***** Information *****

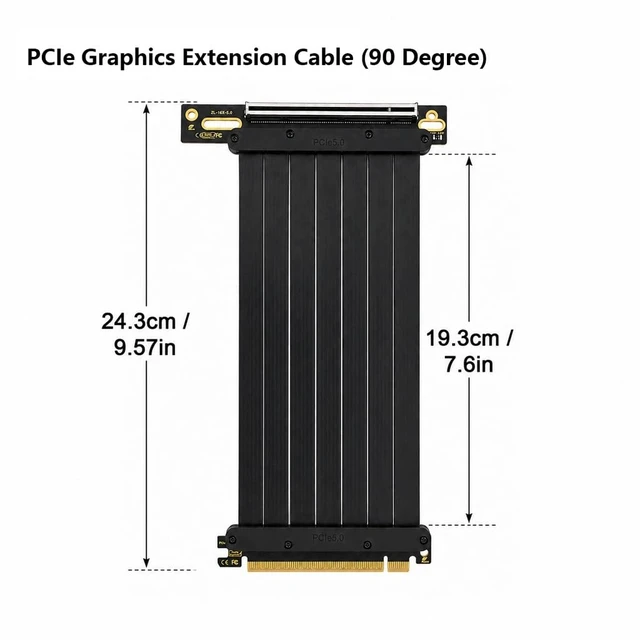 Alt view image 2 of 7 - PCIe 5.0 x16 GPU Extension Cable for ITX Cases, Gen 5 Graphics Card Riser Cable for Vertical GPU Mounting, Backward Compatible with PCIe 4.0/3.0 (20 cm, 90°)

*****
***** Information *****

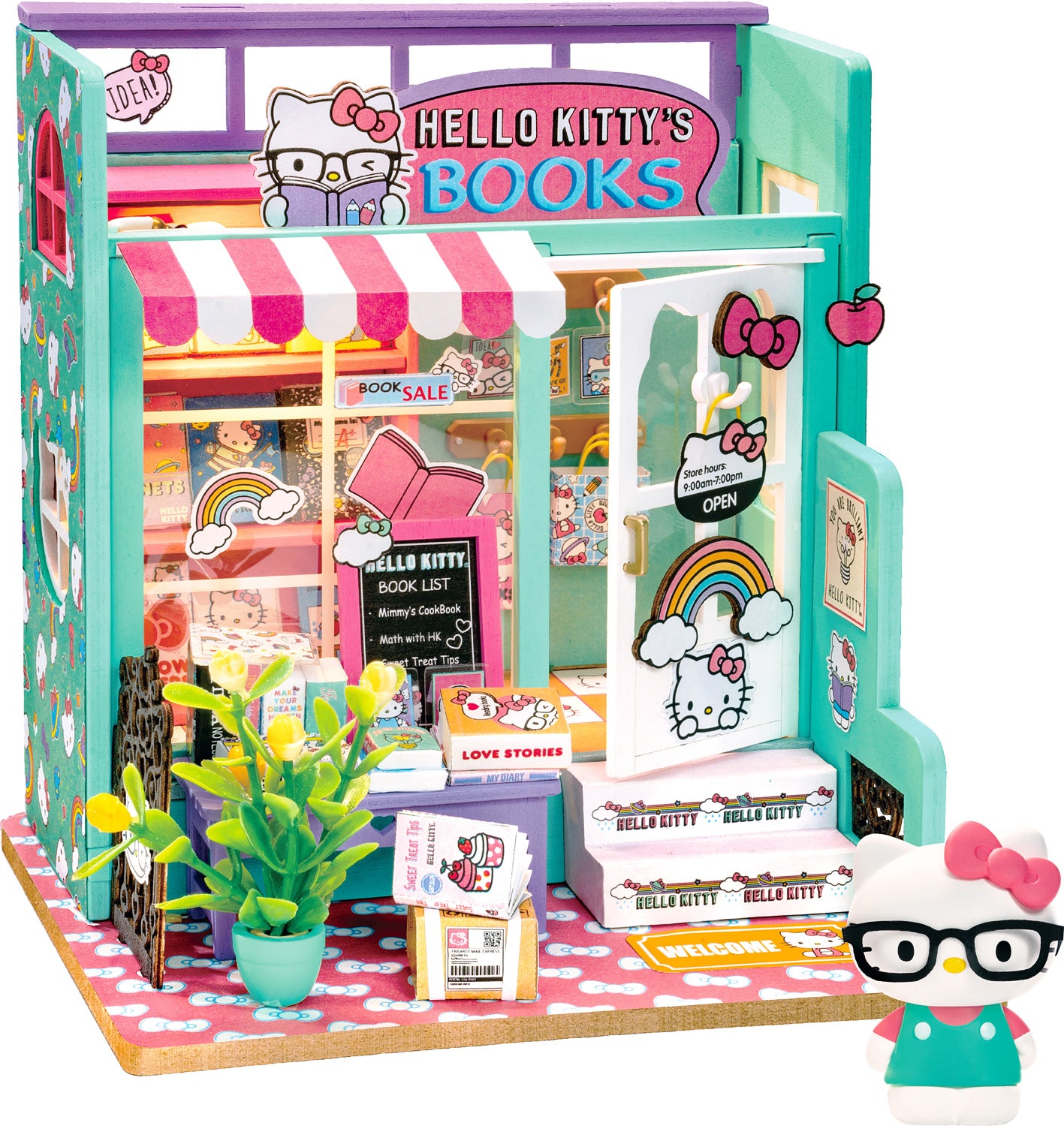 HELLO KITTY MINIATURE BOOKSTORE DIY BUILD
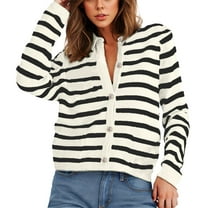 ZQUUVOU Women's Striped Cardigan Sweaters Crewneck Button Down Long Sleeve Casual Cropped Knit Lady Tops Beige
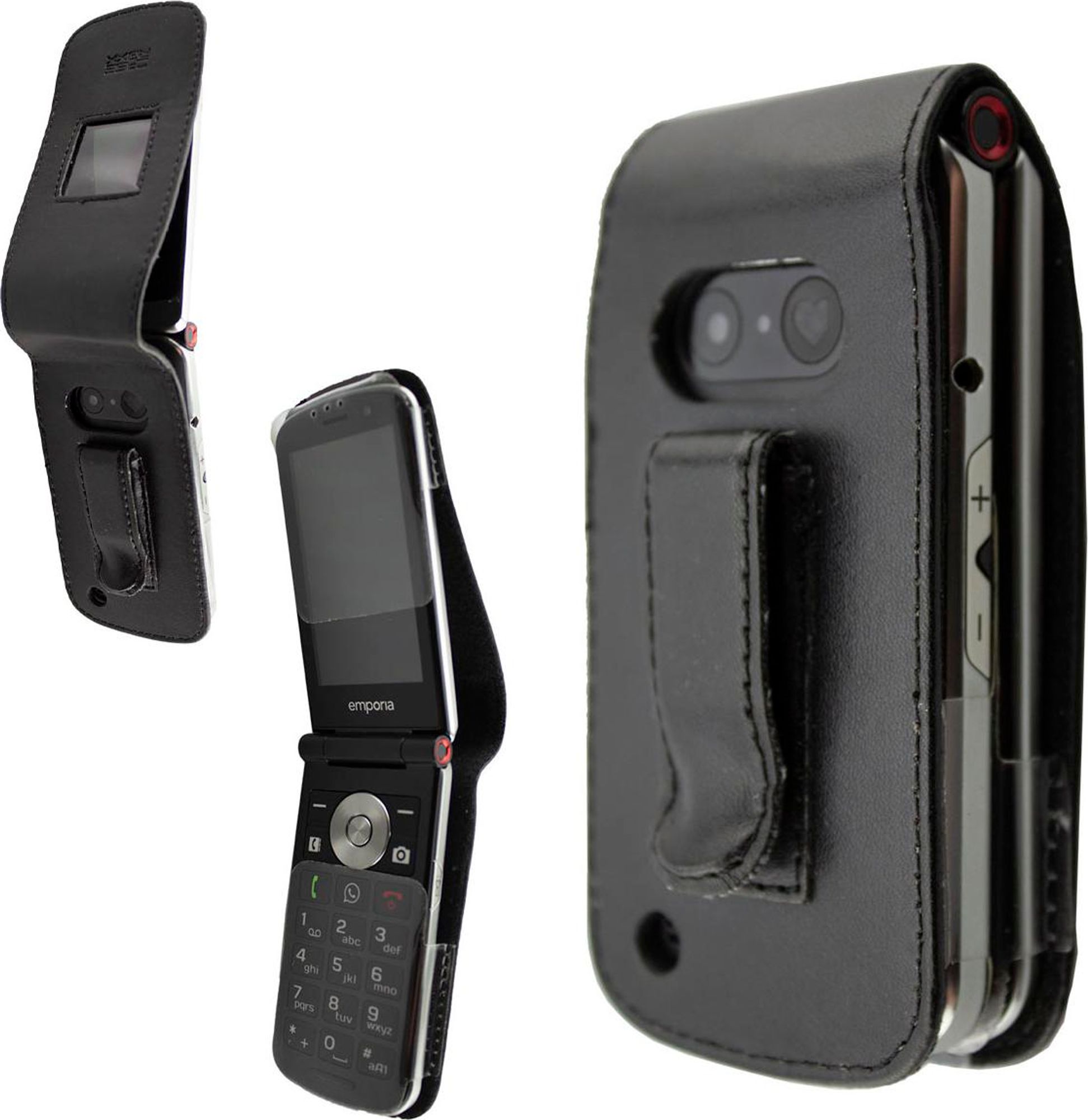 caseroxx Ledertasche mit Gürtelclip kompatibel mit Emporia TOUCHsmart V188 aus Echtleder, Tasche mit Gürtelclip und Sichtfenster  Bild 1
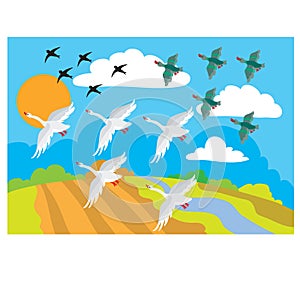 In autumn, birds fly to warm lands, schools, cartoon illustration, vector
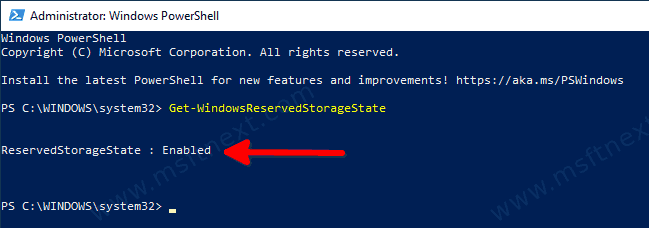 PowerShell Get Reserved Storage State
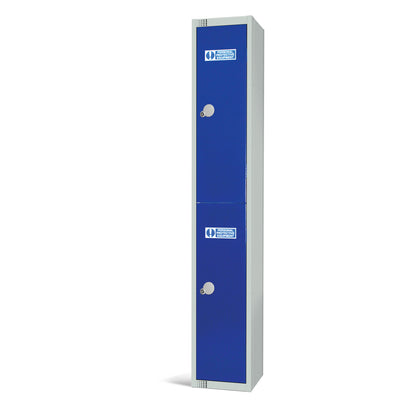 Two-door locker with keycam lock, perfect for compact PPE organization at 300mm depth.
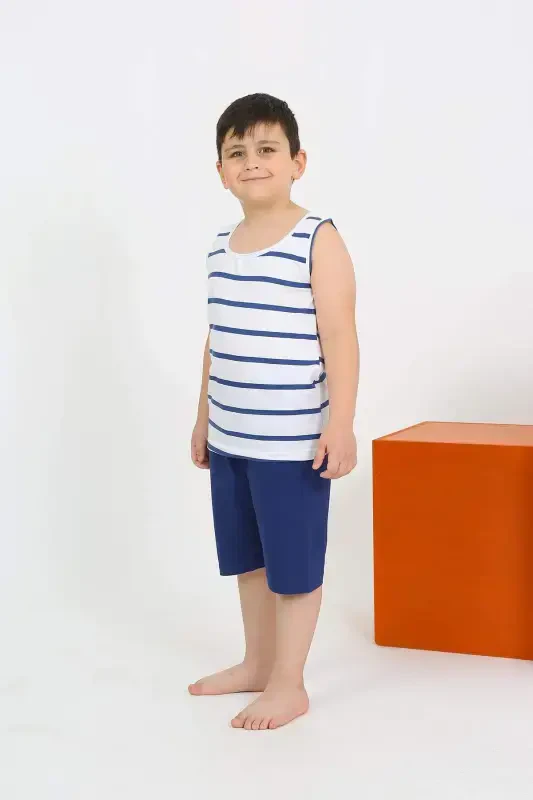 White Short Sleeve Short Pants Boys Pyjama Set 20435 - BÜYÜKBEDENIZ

*****

### Your instructions:
Output exactly the lines above, beginning at the one with "Two-door locker with" and stopping after the one with "White Short Sleeve". Pictures are to be omitted.

### Written answer:
 Two-door locker with keycam lock, perfect for compact PPE organization at 300mm depth.
 White Short Sleeve Short Pants Boys Pyjama Set 20435 - BÜYÜKBEDENIZ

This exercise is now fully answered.